Problem requirements.
Reproduce the data that follows character for character, but omit its pictures.

Data shown.

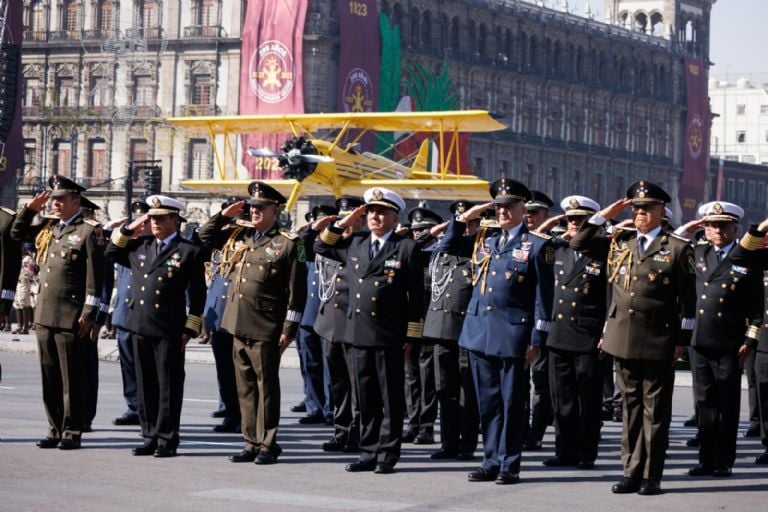 Los mexicanos podrán disfrutar de vehículos temáticos y representaciones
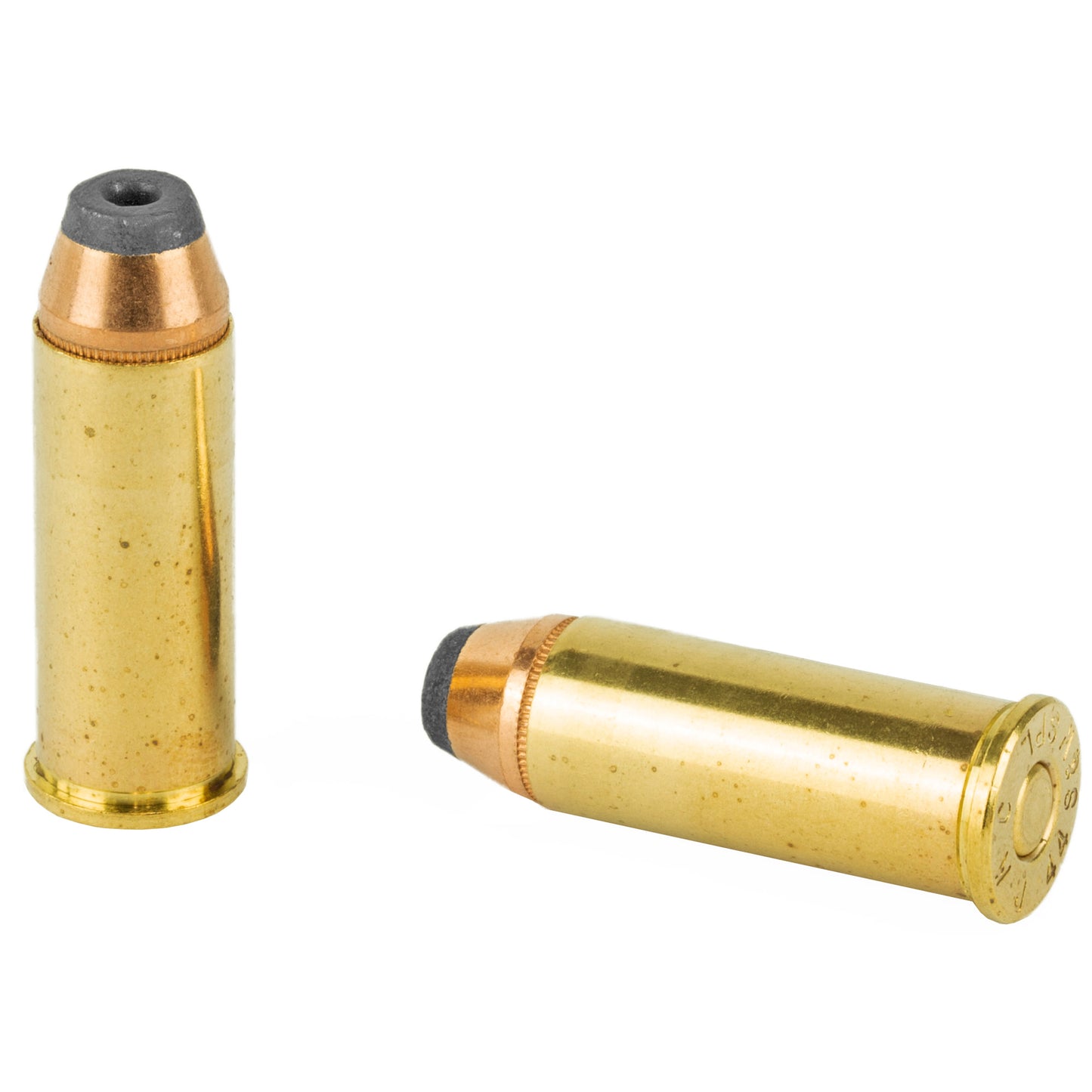 PMC Ammunition Bronze Series .44 Special Hollow Point Ammo * 180 Grain * 25 Rounds Per Box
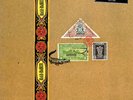Kula Shaker - Singles Box Set - Used Vinyl Record 7 - K1451A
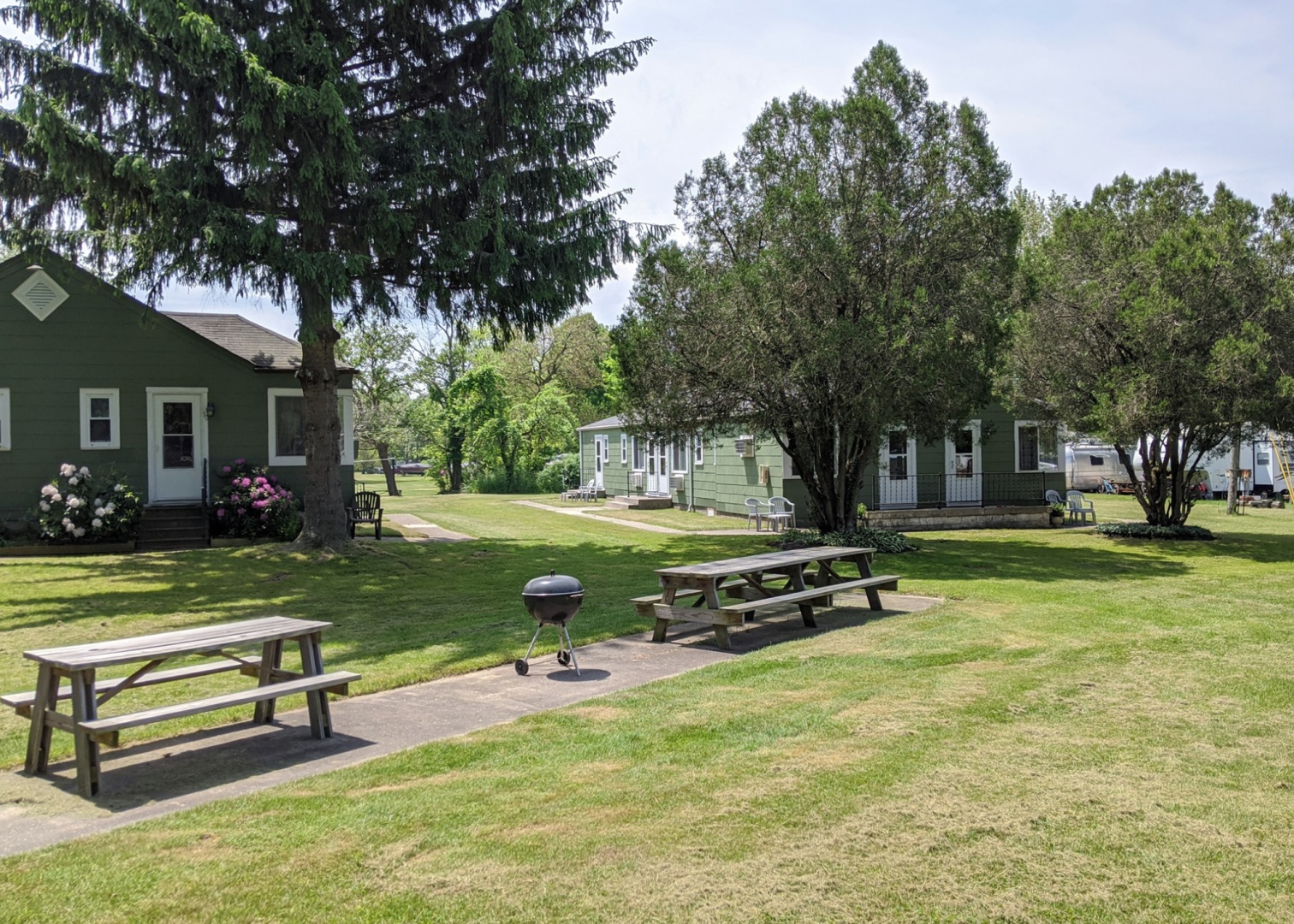 Image of Jensen's RV Park & Motel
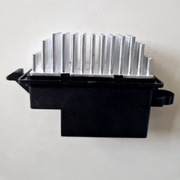 Rezystor silnika dmuchawy Nissan X-Trail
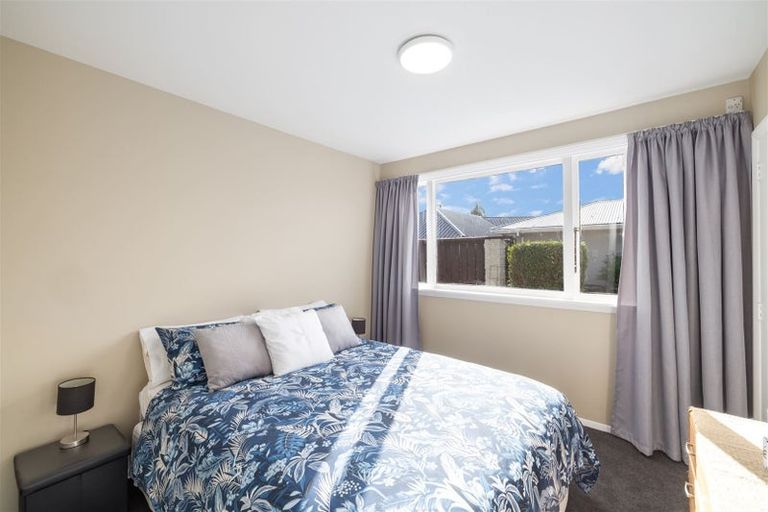 Photo of property in 114 Highsted Road, Casebrook, Christchurch, 8051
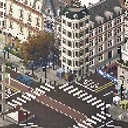 Store icon of TheoTown: City Builder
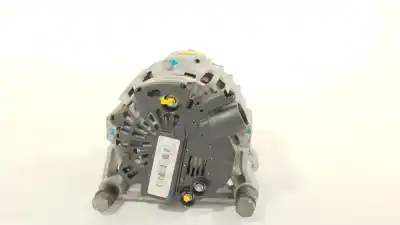 Автозапчасти б/у генератор за citroen c2 (jm_) 1.6 vts ссылки oem iam 9654343080  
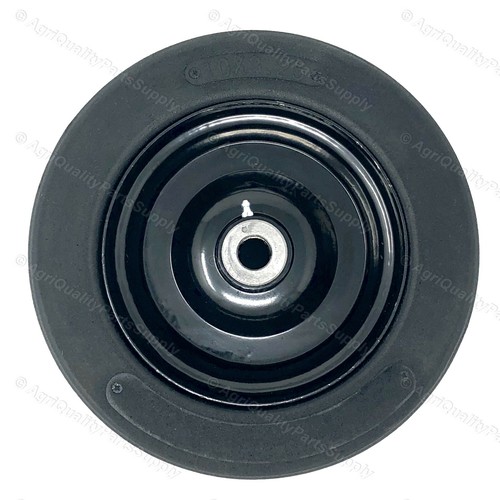 Replacement finishing mower - replacement,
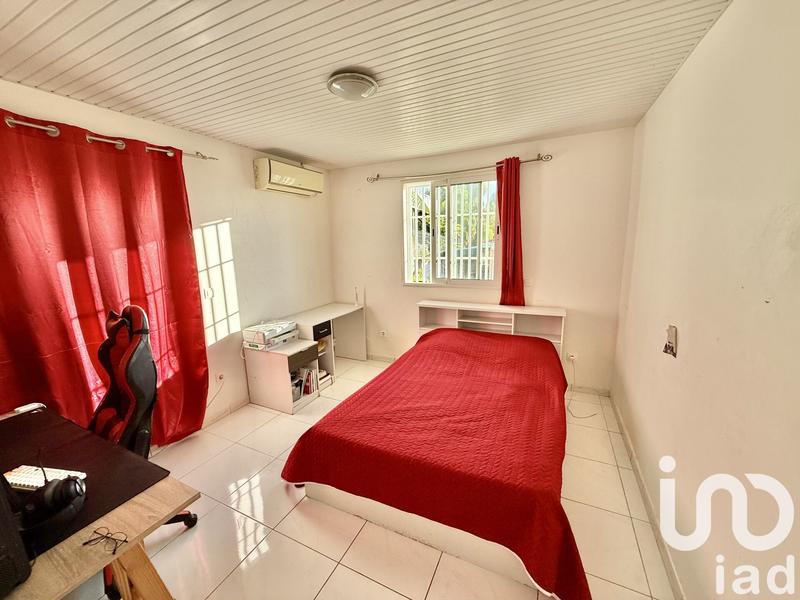 Maison - 174 m² - 7 pièces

Result for this exercise.
 Los mexicanos podrán disfrutar de vehículos temáticos y representaciones
 PMC Ammunition Bronze Series .44 Special Hollow Point Ammo * 180 Grain * 25 Rounds Per Box
Kula Shaker - Singles Box Set - Used Vinyl Record 7 - K1451A
 Image of Jensen's RV Park & Motel
 Rezystor silnika dmuchawy Nissan X-Trail
 Photo of property in 114 Highsted Road, Casebrook, Christchurch, 8051
 Store icon of TheoTown: City Builder
 Автозапчасти б/у генератор за citroen c2 (jm_) 1.6 vts ссылки oem iam 9654343080  
 Replacement finishing mower - replacement,
 Maison - 174 m² - 7 pièces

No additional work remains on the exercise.